Not that I know of. I discovered them while looking at the various bugs 
that led to NativeCallStack::NativeCallStack() and 
os::get_native_stack() (and sometimes both) being in the callsite. 
Reviewing the bugs I referred to will give you an idea of where to look. 
One good place to look at NativeCallStack::NativeCallStack(). Lots of 
special case code there that controls how many frames to skip based on 
on the platform and whether optimized or not. Also some comments there 
to help you out. I did a lot of bug fixing in this method.

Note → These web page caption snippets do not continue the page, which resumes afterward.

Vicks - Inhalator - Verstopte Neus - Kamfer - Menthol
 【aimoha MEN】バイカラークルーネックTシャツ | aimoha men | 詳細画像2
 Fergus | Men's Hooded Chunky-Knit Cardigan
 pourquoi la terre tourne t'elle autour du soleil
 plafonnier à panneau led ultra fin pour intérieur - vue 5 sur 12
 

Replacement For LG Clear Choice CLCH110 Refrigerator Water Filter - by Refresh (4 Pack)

Looking at this code also reminds me of a reason to have the test 
continue to check for all 4 specific frames. If the frame skipping code 
skips an extra frame, then the callsite will be missing a needed frame 
at the top. The way the test was written it would detect this. With your 
changes it will not. It would just revert to always matching on 3 frames 
instead of 4, and the frame skipping bug would go unnoticed.

thanks,

Chris

>
>> Now the test also has made inlining assumptions beyond what NMT has 
>> made, and that is really what this bug is about. In general I think 
>> your fix is fine in the way it relaxes which frames are actually 
>> found, but as Thomas points out, it suffers from not actually looking 
>> at a single stacktrace, but just looking for the specified frames 
>> somewhere in the output (and in the order specified.) You should 
>> probably address this.
>
> Right that was an error on my part. I thought the existing MULTILINE 
> pattern matching with .* would also find non-sequential lines and so I 
> was acting similarly. I will re-think this.
>
> Thanks,
> David
>
>> thanks,
>>
>> Chris
>>>
>>> Thanks,
>>> David
>>>
>>>> thanks,
>>>>
>>>> Chris
>>>>>
>>>>> Thanks,
>>>>> David
>>>>>
>>>>>> Given the changes you made to allow more flexibly in which frames 
>>>>>> appear, I think you need to now also make sure the above 3 
>>>>>> mentioned frames are not present, except for allowing 
>>>>>> AllocateHeap() in slowdebug builds.
>>>>>>
>>>>>> thanks,
>>>>>>
>>>>>> Chris
>>>>>>
>>>>>> On 4/3/19 10:53 PM, David Holmes wrote:
>>>>>>> Bug: https://bugs.openjdk.java.net/browse/JDK-8218458
>>>>>>> Webrev: http://cr.openjdk.java.net/~dholmes/8218458/webrev/
>>>>>>>
>>>>>>> The actual stack trace reported by NMT detail is affected by the 
>>>>>>> inlining decisions of the native compiler, and on the type of 
>>>>>>> build. So we define an "ideal" stacktrace and then allow for 
>>>>>>> some frames to be missing based on empirical observations. So to 
>>>>>>> date we have seen two frames that may or may not be inlined and 
>>>>>>> so we allow for 2 non-matching entries.
>>>>>>>
>>>>>>> The special-casing of AllocateHeap is removed as now it is just 
>>>>>>> an optional frame.
>>>>>>>
>>>>>>> Chris: does this maintain the "spirit" of the test as you intended?
>>>>>>>
>>>>>>> Zhengyu: can you test this on your system(s) please.
>>>>>>>
>>>>>>> Thanks,
>>>>>>> David
>>>>>>
>>>>>>
>>>>
>>>>
>>
>>